Parts of this book were excellent. I particularly enjoyed the discussion of the Harding administration, and the dissection of the Wall Street bombing. However, Burns never goes into much detail about the interesting things he's talking about, and instead divulges way too much information about things no one is interested in, or that aren't relevant, or that go into unnecessary detail on the backstory of certain people or events.
On the whole, I would not recommend this book. Burns is dismissive of the rise of feminist culture, and flappers in general. He doesn't cover any new ground with this book, and while his writing style is readable, he indulges his own interests in other time periods (the 1970s and 1880s are the ones that I remember specifically), often to the detriment of his thesis--that 1920 was one of the most historically significant years of the 20th Century.
Interesting history, though he fails at his theoretical thesis promised in the title, that is that someone could tell the history of a single year. In fact, Burns chooses 1920 as a touchstone to tell the story of a few different narratives, jazz, Hemingway, Fitzgerald, Planned Parenthood, relations between capital and labor, etc. To show how hard it is for someone to tell history as a single year, Burns tells the complete story of the Wilson and Harding administration. The story of the Wilson administration needs to be told so that one can understand how the Wilson administration works in the 1920's. But Harding did not take his place until March of 1921. Still, its a really good history, if you just think of it as a history of the 1920's.

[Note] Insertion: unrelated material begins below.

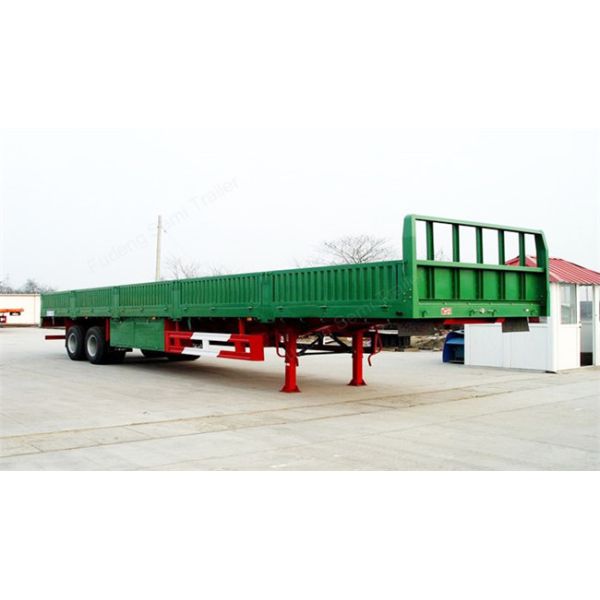 Side Wall Semi Trailer , 3 Axles 60Tons Cargo Truck Semi Trailer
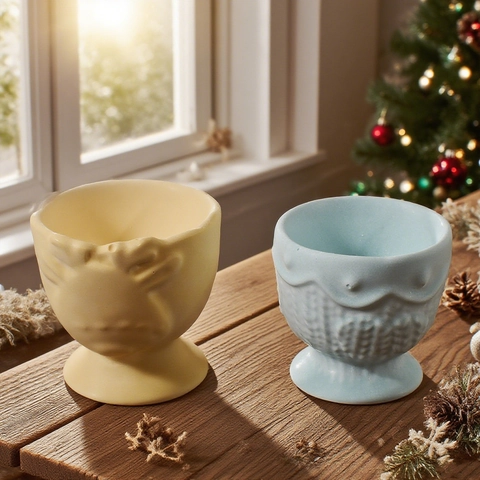 Christmas Reindeer Silicone Mold Embossed Weave Texture Handmade DIY Candle Cup Plaster Resin Casting Craft Festive Decor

I really enjoyed this examination underneath the surface of the 20s. There were so many historical persons and events that I had never heard of or lightly understood which, now, I’m enthusiastic to read more about. Just to name a few; Lucy Stone, Henry Johnson, Black Star Line, and Margaret Sanger.
The rise of radio, marketing, alcohol, music, poetry/literature, the car, and more; so much got a momentous push from this time frame. For women, it was radical; the passage of the 19th Amendment – the ability to vote. Other social struggles were just as colorful - WWI. As with any war – technology boomed – airlines, electricity, steel for infrastructure, and ends with a specular face plant with the stock market crash. The info on the 18th Amendment is well worth researching.
A solid work of scholarship on a really crazy year in American history. This is a wonderful resource on Ponzi, Harding, Garvey, and a boatload of other historical figures that made both the year and the following decade intriguing and controversial. It skims the surface of most topics, but this book is solid at engaging the reader with just enough detail to satisfy and possibly encourage further exploration. For example, if the politics of the 1920 election is just not enough, then one could read the wonderful book by Pietrusza on it. I found the sections on Charles Ponzi and the Wall Street bombing and the subsequent investigation to be the most engaging. It has a little for any historical scholar without becoming to dull with detail.